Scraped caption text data
++++++++++++++++++++

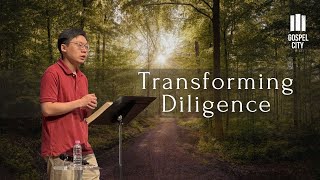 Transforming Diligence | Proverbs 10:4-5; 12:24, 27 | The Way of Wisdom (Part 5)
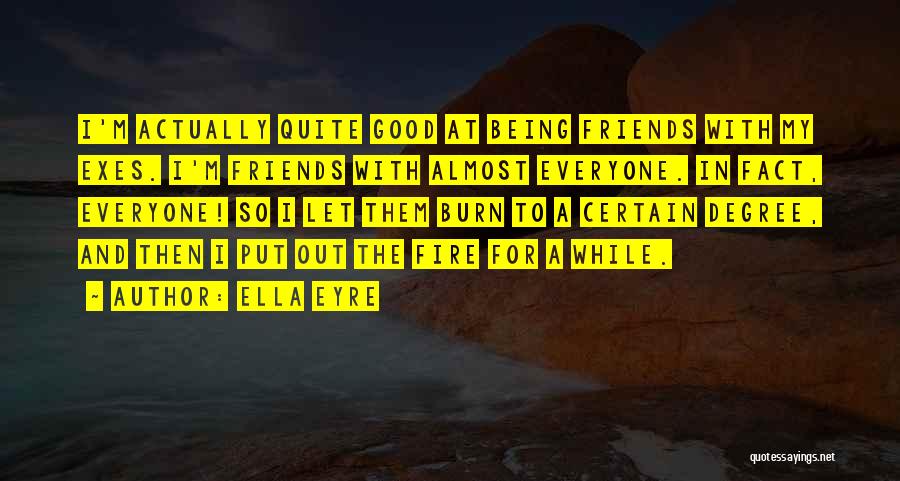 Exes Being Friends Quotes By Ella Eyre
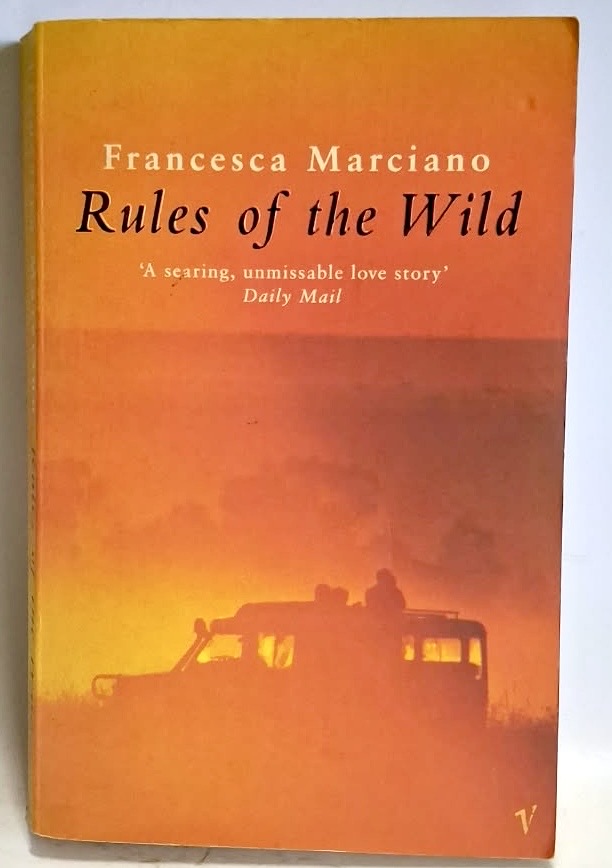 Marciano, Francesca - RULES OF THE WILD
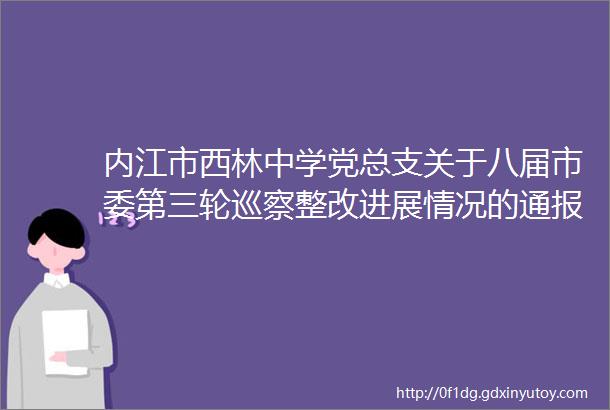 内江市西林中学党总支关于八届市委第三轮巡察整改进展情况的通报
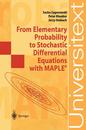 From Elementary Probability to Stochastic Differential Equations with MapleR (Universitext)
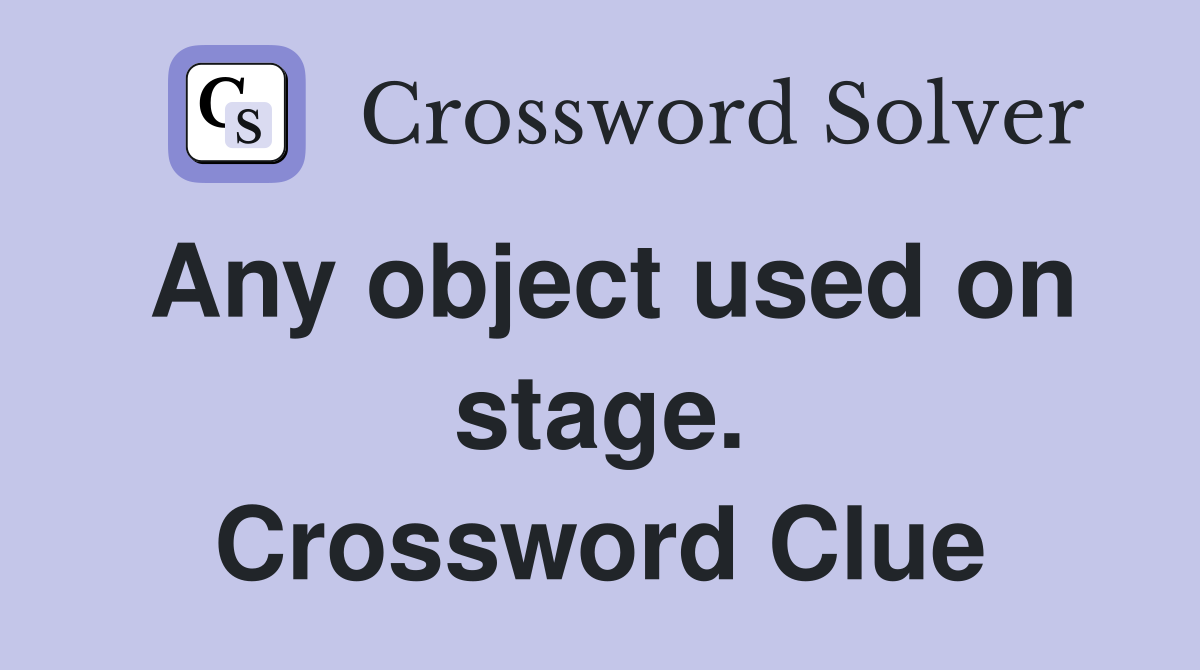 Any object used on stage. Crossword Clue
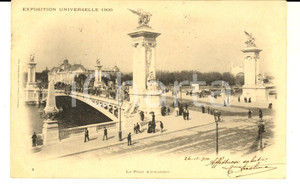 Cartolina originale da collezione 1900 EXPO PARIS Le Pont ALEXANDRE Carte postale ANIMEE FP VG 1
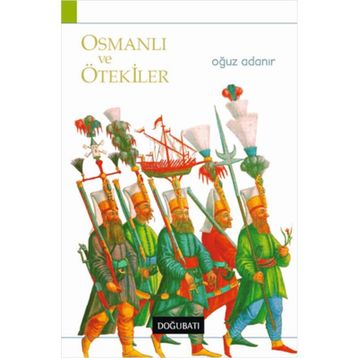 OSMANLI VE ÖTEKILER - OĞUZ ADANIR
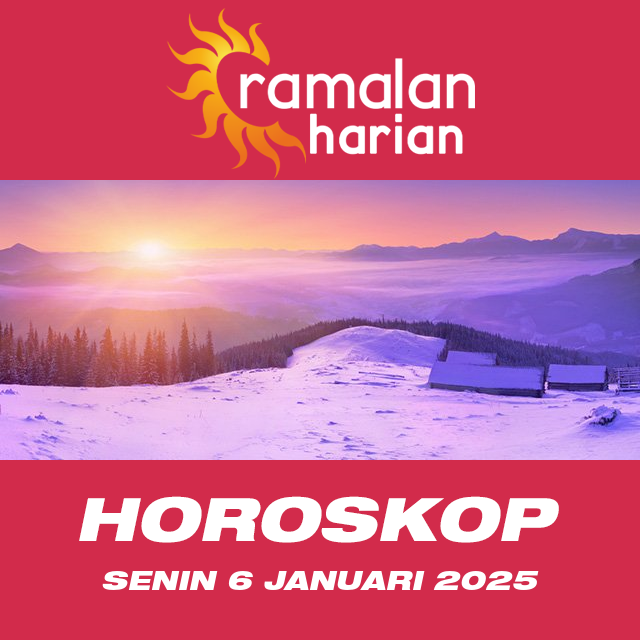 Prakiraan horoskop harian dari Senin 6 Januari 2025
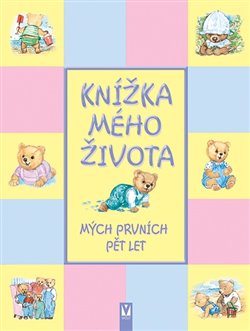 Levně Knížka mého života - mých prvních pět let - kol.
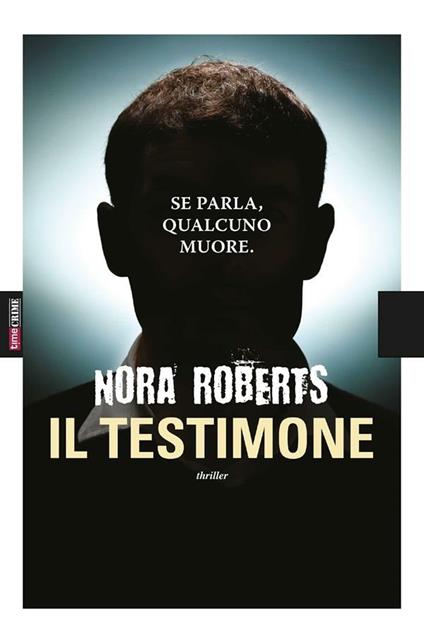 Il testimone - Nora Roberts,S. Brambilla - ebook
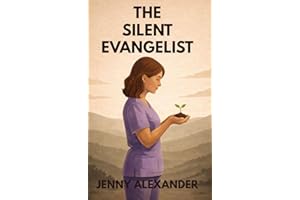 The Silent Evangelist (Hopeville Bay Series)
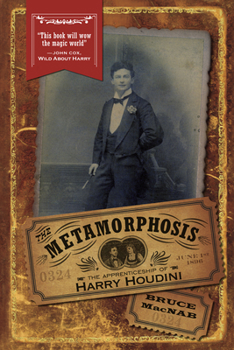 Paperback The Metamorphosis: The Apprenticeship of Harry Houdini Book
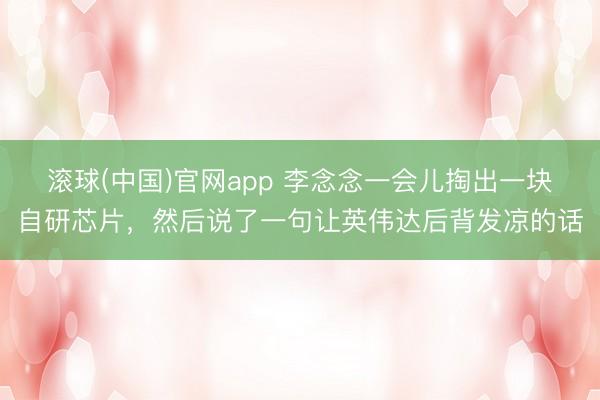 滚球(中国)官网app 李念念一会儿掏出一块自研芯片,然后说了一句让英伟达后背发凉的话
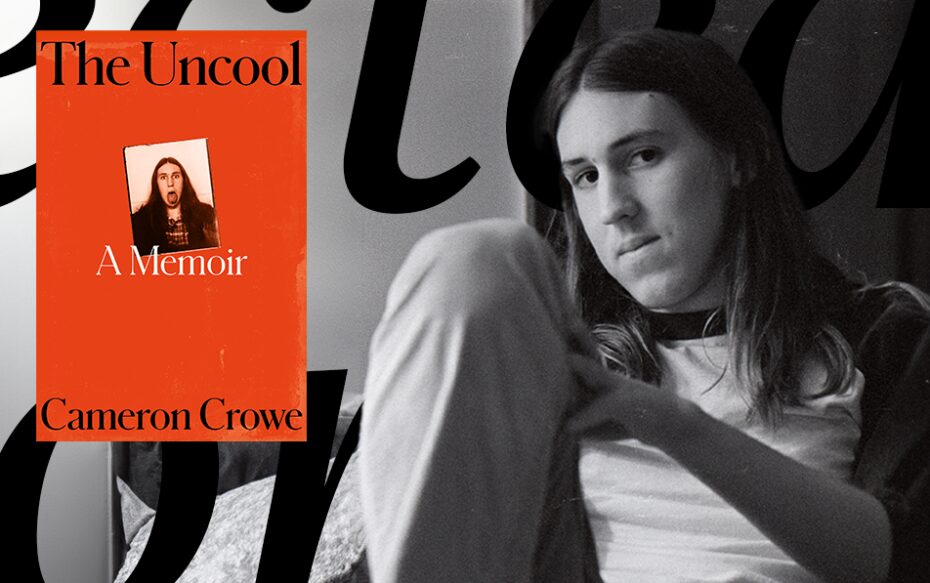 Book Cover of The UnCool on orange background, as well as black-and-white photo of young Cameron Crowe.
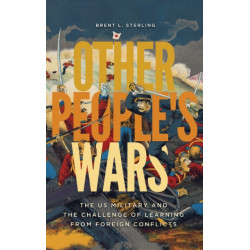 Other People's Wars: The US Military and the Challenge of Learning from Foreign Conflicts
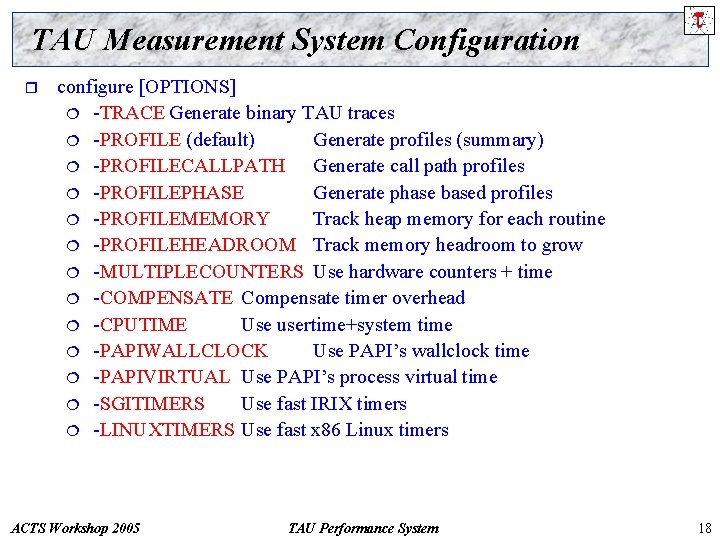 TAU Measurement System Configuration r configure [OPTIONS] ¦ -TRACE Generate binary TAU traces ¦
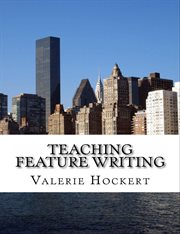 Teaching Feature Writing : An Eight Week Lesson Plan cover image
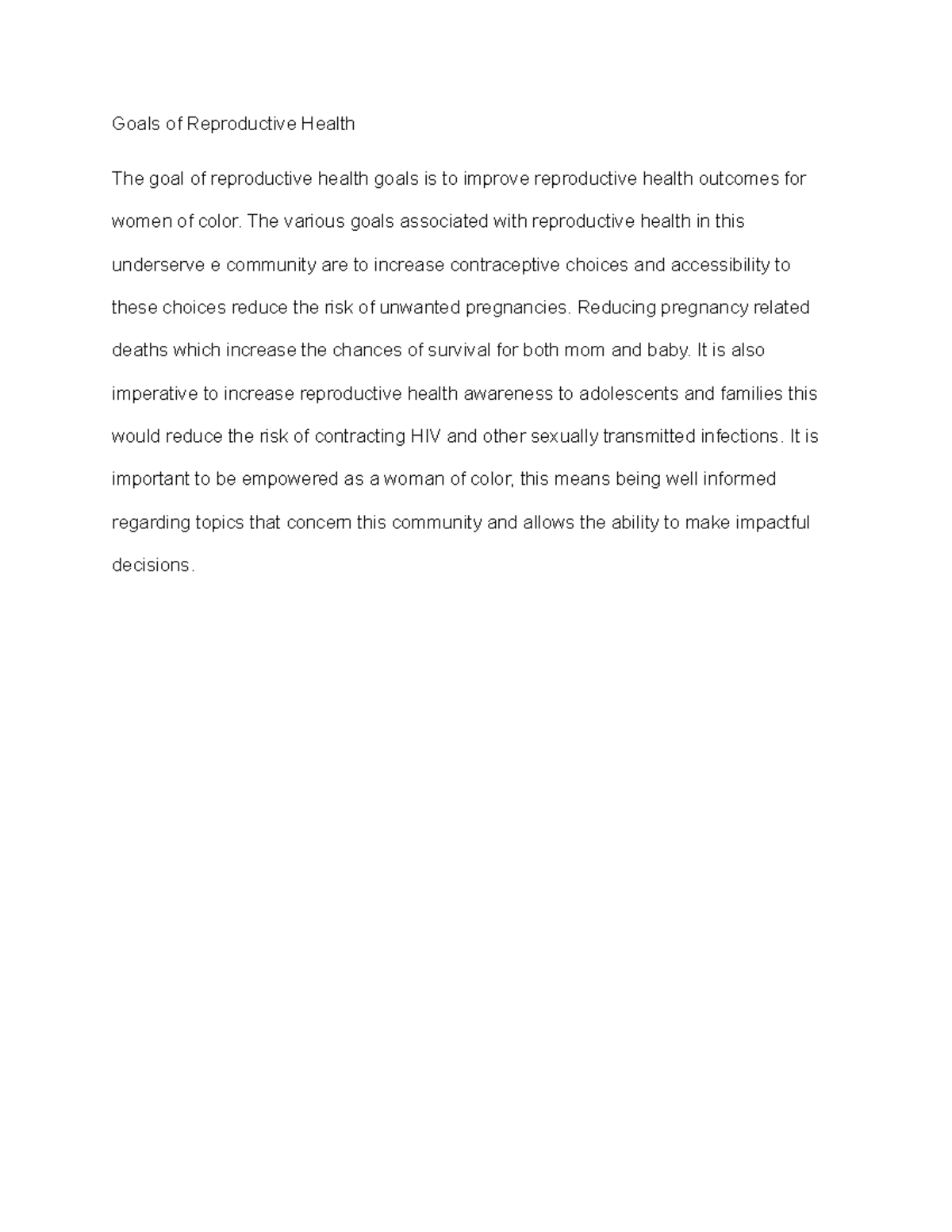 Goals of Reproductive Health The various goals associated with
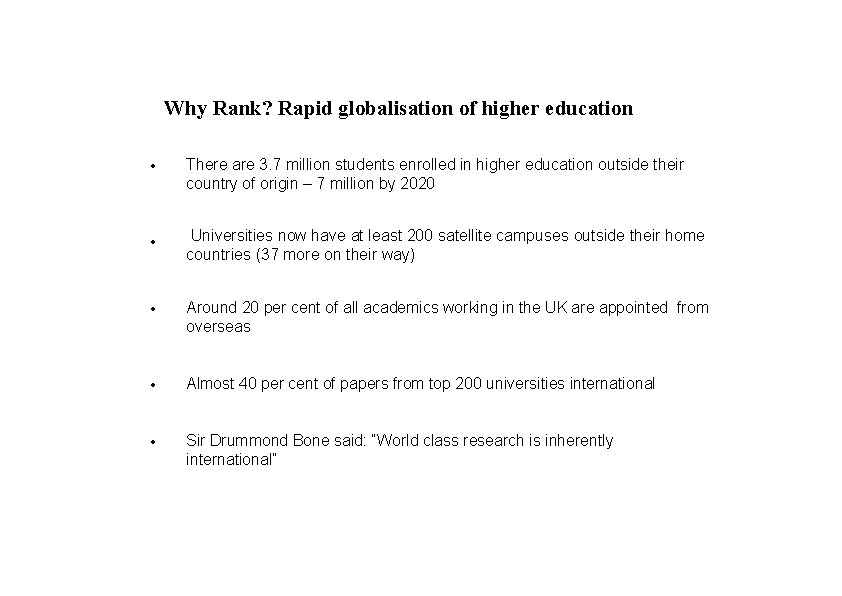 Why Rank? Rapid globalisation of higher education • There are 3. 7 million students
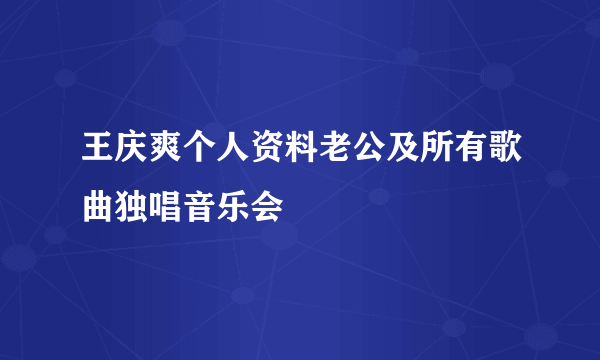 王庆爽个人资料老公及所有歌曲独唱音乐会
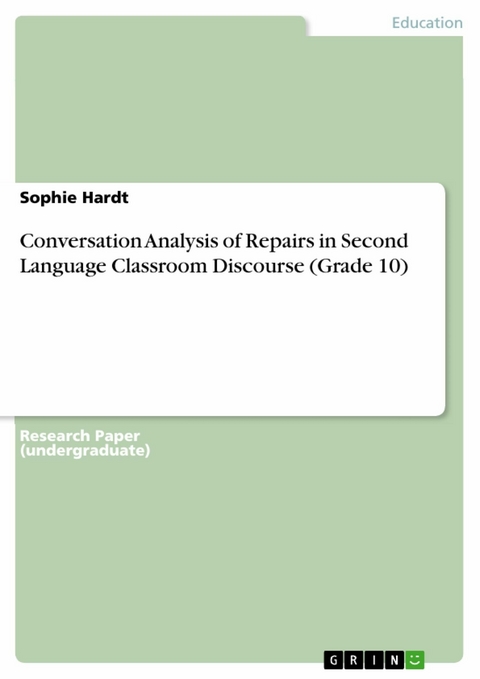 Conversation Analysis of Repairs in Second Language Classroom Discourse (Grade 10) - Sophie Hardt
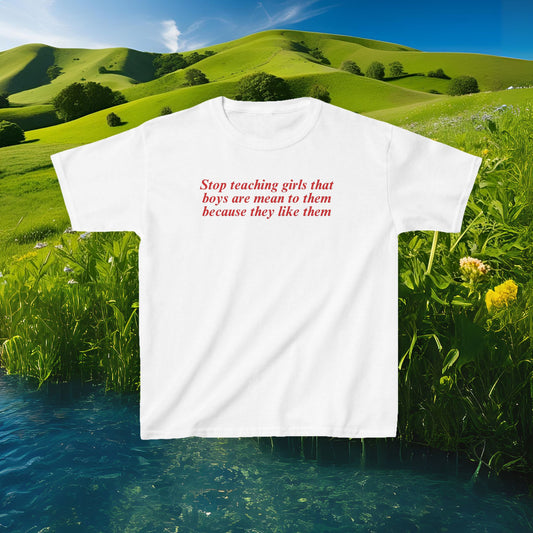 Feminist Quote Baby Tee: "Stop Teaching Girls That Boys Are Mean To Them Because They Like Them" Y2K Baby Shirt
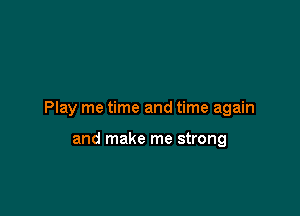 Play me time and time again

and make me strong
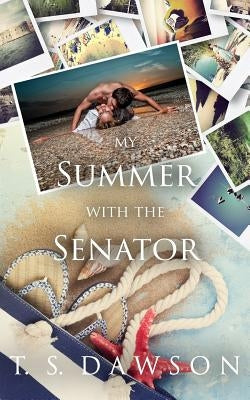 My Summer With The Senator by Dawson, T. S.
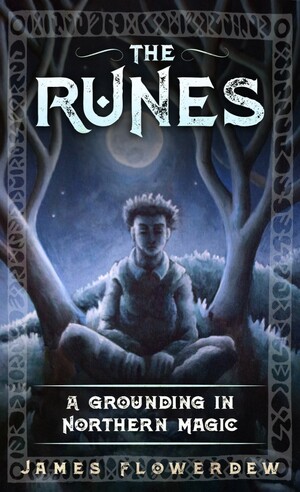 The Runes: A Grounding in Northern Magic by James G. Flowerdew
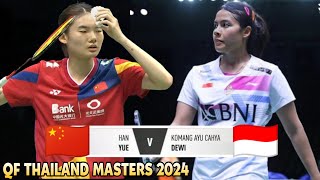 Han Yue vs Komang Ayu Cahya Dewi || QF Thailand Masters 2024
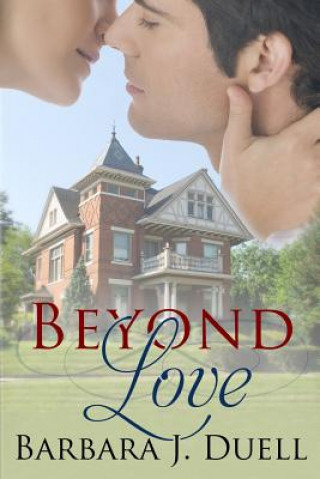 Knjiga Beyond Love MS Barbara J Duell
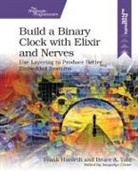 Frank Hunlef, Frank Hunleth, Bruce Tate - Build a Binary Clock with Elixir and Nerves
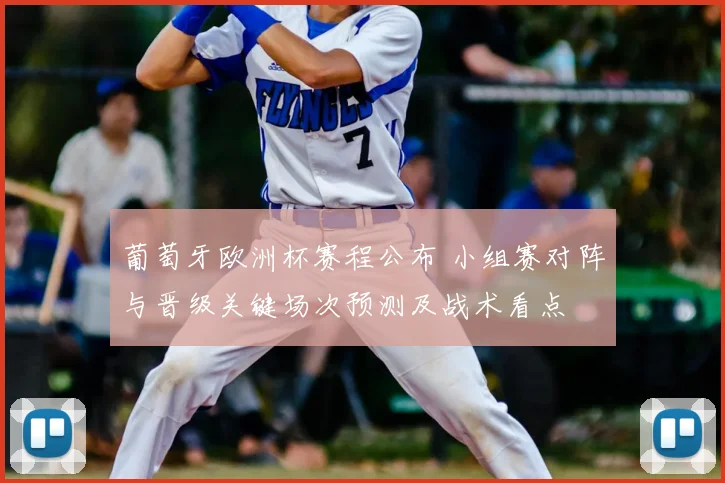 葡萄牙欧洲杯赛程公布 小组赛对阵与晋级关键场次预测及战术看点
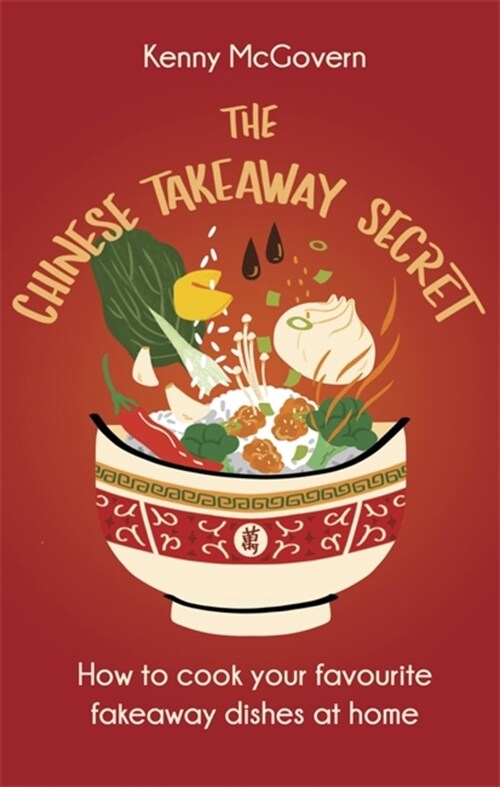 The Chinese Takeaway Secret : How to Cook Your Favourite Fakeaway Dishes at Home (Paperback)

++++++++++++++++++++

**WORK TO COMPLETE**: Return every entry of the data above verbatim, with no images included.

**SOLUTION FOR THIS TASK**:
 Transforming Diligence | Proverbs 10:4-5; 12:24, 27 | The Way of Wisdom (Part 5)
 Exes Being Friends Quotes By Ella Eyre
 Marciano, Francesca - RULES OF THE WILD
 内江市西林中学党总支关于八届市委第三轮巡察整改进展情况的通报
 From Elementary Probability to Stochastic Differential Equations with MapleR (Universitext)
 Any object used on stage. Crossword Clue
 Cartolina originale da collezione 1900 EXPO PARIS Le Pont ALEXANDRE Carte postale ANIMEE FP VG 1
 OSMANLI VE ÖTEKILER - OĞUZ ADANIR
 Prakiraan horoskop harian dari Senin 6 Januari 2025
 Levně Knížka mého života - mých prvních pět let - kol.
 Il testimone - Nora Roberts,S. Brambilla - ebook
 The Silent Evangelist (Hopeville Bay Series)
 Paperback The Metamorphosis: The Apprenticeship of Harry Houdini Book
 滚球(中国)官网app 李念念一会儿掏出一块自研芯片,然后说了一句让英伟达后背发凉的话
 Book Cover of The UnCool on orange background, as well as black-and-white photo of young Cameron Crowe.
 Other People's Wars: The US Military and the Challenge of Learning from Foreign Conflicts
 TAU Measurement System Configuration r configure [OPTIONS] ¦ -TRACE Generate binary TAU traces ¦
 Teaching Feature Writing : An Eight Week Lesson Plan cover image
 Goals of Reproductive Health The various goals associated with
 Why Rank? Rapid globalisation of higher education • There are 3. 7 million students
 王庆爽个人资料老公及所有歌曲独唱音乐会
 Conversation Analysis of Repairs in Second Language Classroom Discourse (Grade 10) - Sophie Hardt
 Feminist Quote Baby Tee: "Stop Teaching Girls That Boys Are Mean To Them Because They Like Them" Y2K Baby Shirt
 Play me time and time again

and make me strong
 My Summer With The Senator by Dawson, T. S.
 The Runes: A Grounding in Northern Magic by James G. Flowerdew
 Han Yue vs Komang Ayu Cahya Dewi || QF Thailand Masters 2024
 Knjiga Beyond Love MS Barbara J Duell
 Frank Hunlef, Frank Hunleth, Bruce Tate - Build a Binary Clock with Elixir and Nerves
 葡萄牙欧洲杯赛程公布 小组赛对阵与晋级关键场次预测及战术看点
 The Chinese Takeaway Secret : How to Cook Your Favourite Fakeaway Dishes at Home (Paperback)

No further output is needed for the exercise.